TL;DR To be really quick, go straight to the instructions at Setting up your environment.
This document shows how to install and run the sagemaker-run-notebooks
library that lets you run and schedule Jupyter notebook executions as SageMaker Processing Jobs.
This library provides three interfaces to the notebook execution functionality:
- A command line interface (CLI)
- A Python library
- A JupyterLab extension that can be enabled for JupyterLab running locally, in SageMaker Studio, or on a SageMaker notebook instance
Each of the interfaces has the same functionality, so which to use is a matter of preference. You can use them in combination if you choose. For example, you can launch a notebook execution from the CLI, but monitor and view the output using the JupyterLab extension.
We use the open source tool Papermill to execute the notebooks. Papermill has many features, but one of the most interesting is that you can add parameters to your notebook runs. To do this, you set a tag on a single cell in your notebook that marks it as the "parameter cell". Papermill will insert a cell directly after that at runtime with the parameter values you set when starting the job. You can see details in the Papermill docs here.
More detailed documentation, including full API documentation for the library and all the options for the
can be downloaded as HTML files from the latest GitHub release. Download docs.tar.gz
and untar it with tar xzf docs.tar.gz
. Then open the file sagemaker-run-notebook-docs/index.html
in your browser
to view the documentation.
Start by setting up your environment and then look at the instructions for the interface you want to use.
Contents:
- Quick Start
The files we reference here can be downloaded from the latest GitHub release.
Note: The JupyterLab extension in the current release supports JupyterLab 3.x releases. If you're running an older version of JupyterLab and want to use GUI interface, use one of the following older releases of the extension:
JupyterLab Version | Extension Release |
---|---|
3.x | latest |
2.x | v0.23.0 |
1.x | v0.19.0 |
If you want to schedule notebooks without using the library, there are resources included in the release to help you do that. See the DIY instructions on GitHub for details.
To follow this recipe, you'll need to have AWS credentials set up that give you full permission on CloudFormation. You'll add more permissions with the installed policy later in the recipe.
You can install the library directly from the GitHub release using pip:
$ pip install https://github.com/aws-samples/sagemaker-run-notebook/releases/download/v0.23.0/sagemaker_run_notebook-0.23.0.tar.gz
This installs the sagemaker-run-notebook library, CLI tool and the JupyterLab 3.x plug-in.

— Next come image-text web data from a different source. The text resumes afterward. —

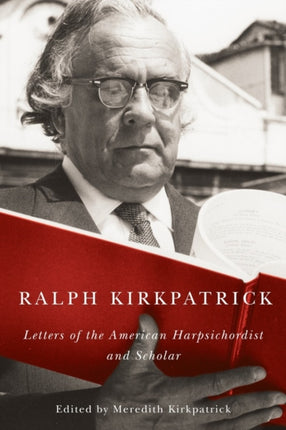 Ralph Kirkpatrick: Letters of the American Harpsichordist and Scholar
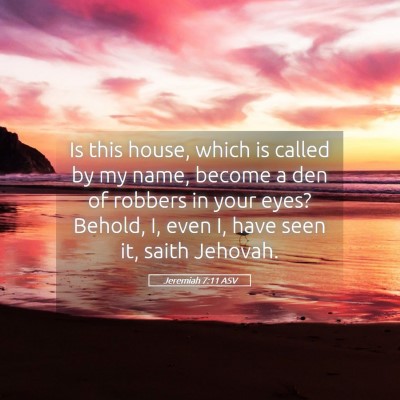 Picture 05 - Jeremiah 7:11 ASV - Is this house, which is called by my name, become - Bible Verse Picture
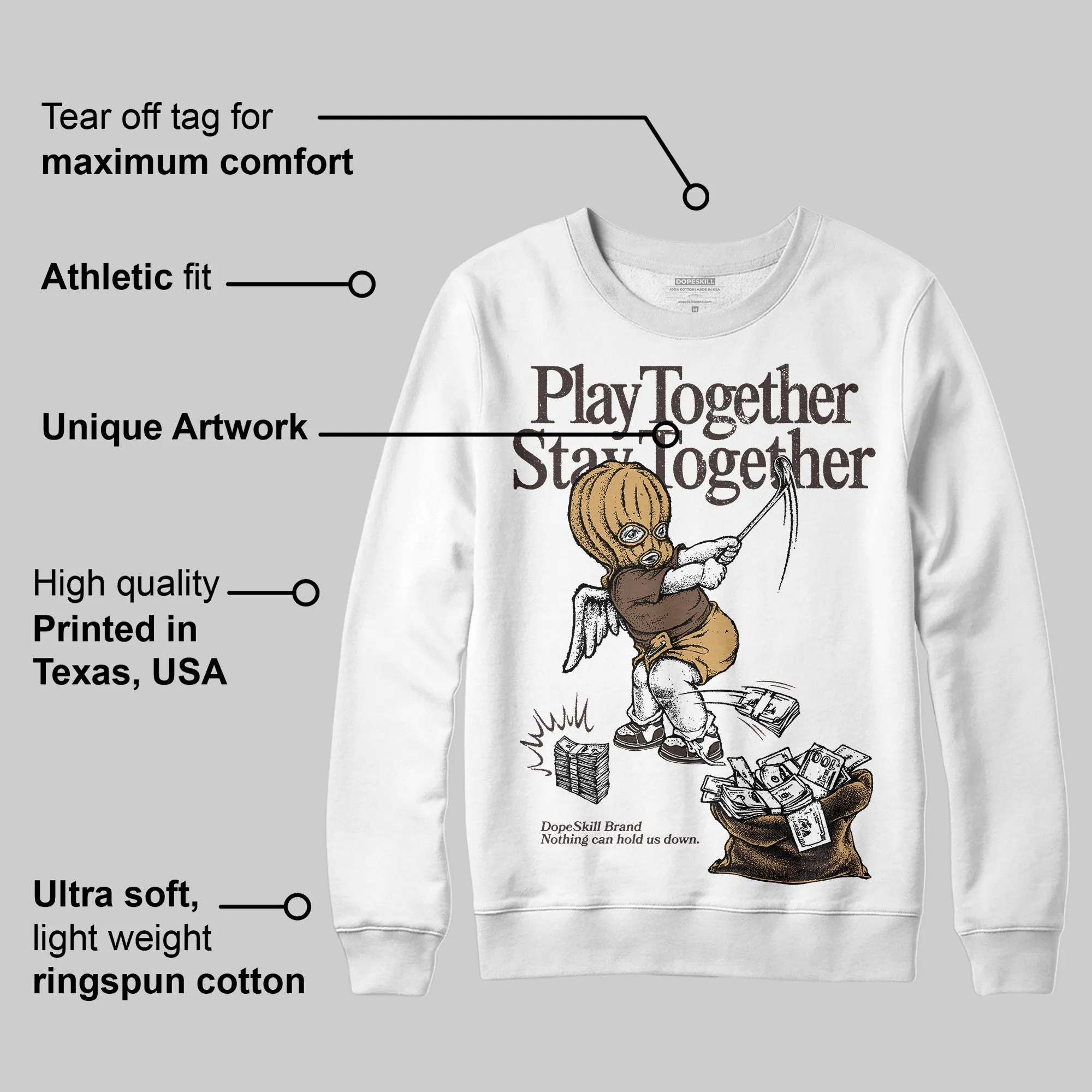 Earth 5s DopeSkill Sweatshirt Play together, Stay together Graphic sold by DopeSkill product image thumbnail 3
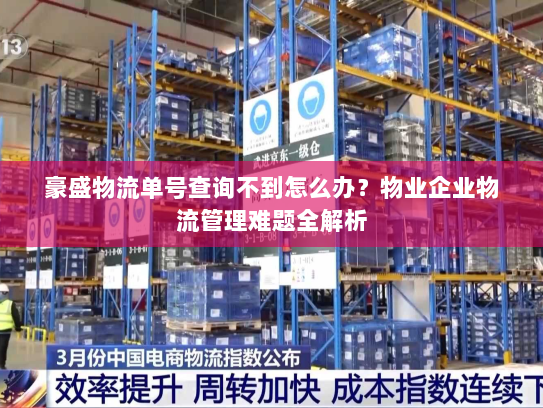 豪盛物流单号查询不到怎么办?物业企业物流管理难题全解析 豪盛物流单号查询不到怎么办?物业企业物流管理难题全解析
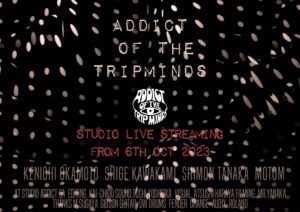 ADDICT OF THE TRIP MINDS, 岡本健一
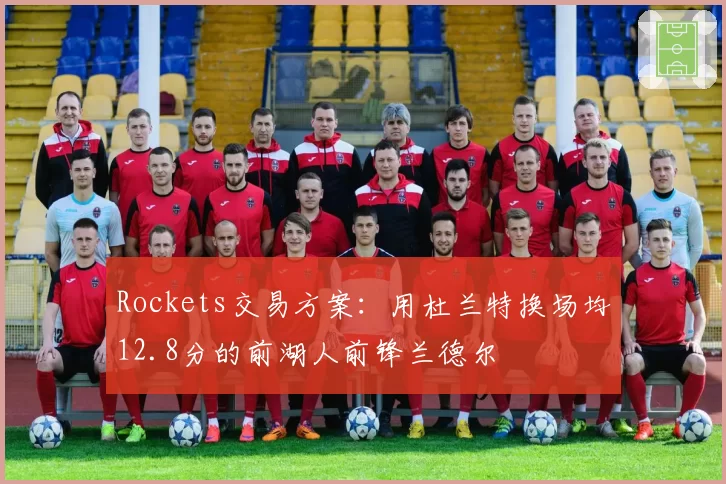 Rockets交易方案：用杜兰特换场均12.8分的前湖人前锋兰德尔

After installation, you will need to restart any currently running JupyterLab servers to activate the plug-in.
To create a persistent installation (one that survives across restarts) in SageMaker notebook instances and SageMaker Studio notebooks, see below in Activating the JupyterLab Extension.
$ run-notebook create-infrastructure
One of the policies created here is ExecuteNotebookClientPolicy-us-east-1
(replace us-east-1
with the name of the region you're running in). If you're not running with administrative permissions, you should add that policy to the user or role that you're using to invoke and schedule notebooks.
For complete information on the roles and policies, see the cloudformation-base.yml
on GitHub.
The source code for the Lambda function is at lambda-function.py
on GitHub.
Jobs run in SageMaker Processing Jobs run inside a Docker container. For this project, we have defined the container to include a script to set up the environment and run Papermill on the input notebook.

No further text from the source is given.